August 21, 2014

Chicago Mix, fresh from Minnesota???

Candyland, a small chain of candy stores in Minnesota, holds the federal trademark registration for CHICAGO MIX, which it uses for its mixture of salted, caramel, and cheese-flavored popcorn. (The trademark registration issued in 1992 and states a first use date of 1990, although Candyland's owner claims the company has used it since 1988. Interestingly, Candyland does not appear to claim any trademark rights in CANDYLAND, a mark which happens to be owned by Hasbro, Inc.)
Unfortunately for the Minnesota Candyland, many other companies also use CHICAGO MIX or related terms to describe their similar products, including Chicago-based Garrett Popcorn Shops, which claims to have been selling CHICAGO MIX popcorn "for decades" (and therefore, presumably, before Candyland acquired its trademark rights). (Garrett's CHICAGO MIX omits the salted popcorn, combining only caramel and cheese-flavored popcorn. It would be interesting to compare them side-by-side, but Garrett's popcorn is best eaten fresh from the store, and I imagine the same is true for Candyland's.)
Ironically, Candyland's own website contains a long list of competitors that use CHICAGO MIX or related terms. It's easy to find many more that aren't on Candyland's list (e.g., Utz Chicago-Style, Nuts on Clark Chicago Mix, Popcornopolis Chicago Style, Brooklyn Popcorn Chicago Mix, Popcorn Haven Chicago Style, The Popcorn Fanatic Chicago Mix, Popcorn Palace Chicago Chic, Great American Popcorn Chicago Mix, Popilicious Chicago Mix, Pittsburgh Popcorn Chicago Blend, Kettle Boys Chicago Mix, and Chicago Gold Popcorn Windy City Mix). It seems to me that CHICAGO MIX is likely a generic term for a mixture that includes caramel and cheese-flavored popcorn. The CHICAGO MIX term is widely used around the country, but I wonder how many people outside Minnesota have ever heard of Candyland.
Candyland recently filed lawsuits against Garrett's and two other companies (Snyder's-Lance and Cornfields) for infringing upon its CHICAGO MIX trademark. (One of the allegations in the lawsuit is that Garrett's use of the CHICAGO MIX mark is likely to deceive consumers as to the origin of Garrett's popcorn, apparently making them think that CHICAGO MIX popcorn comes from Chicago rather than Minnesota.)

June 18, 2014

Get your cheap Redskins gear here!

The Trademark Trial and Appeal Board of the U.S. Patent and Trademark Office today canceled the Washington Redskins' trademark registration, on the grounds that the name is disparaging to Native Americans. The NFL is expected to appeal the order in court, and if they lose (and perhaps even if they don't), the team may eventually adopt a new name.

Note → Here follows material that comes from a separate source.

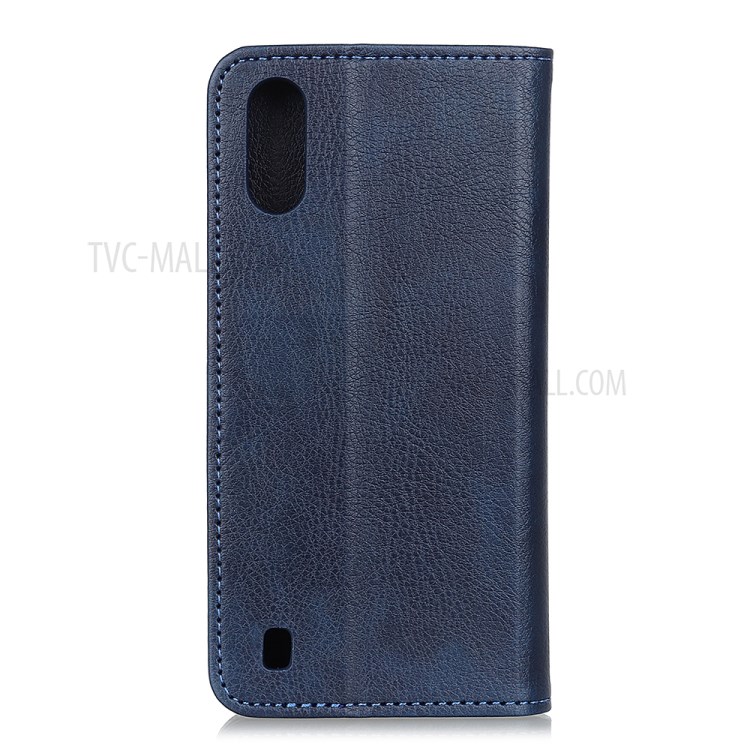 Auto-absorbed Litchi Texture Split Leather Wallet Case for Samsung Galaxy A01 - Blue-7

In the meantime, however, what this means is that anyone can freely use the Redskins name and logo without paying royalties or getting permission from the NFL. As a result, I think we're likely to see a glut of bootleg Redskins apparel -- including items that the NFL would never have approved, some of which will probably be much more disparaging than the name itself. (Granted, some of the most outrageous items might have been permissible as parodies anyway.)

April 17, 2014

Top-secret cereal arbitration

General Mills recently revised the terms posted on its website, adding a provision that requires disputes between consumers and the company to be brought in binding arbitration. The interesting part is this: The arbitration provision says it applies to "all disputes or claims arising out of this Agreement or your purchase or use of any General Mills product or service for personal or household use." In other words, if you want to sue General Mills because there weren't enough marshmallows in your Lucky Charms, you have to bring the claim in arbitration rather than in court (assuming that the amount of your claim exceeds the small claims court maximum -- and if you're really going to sue over something like this, you might as well aim high).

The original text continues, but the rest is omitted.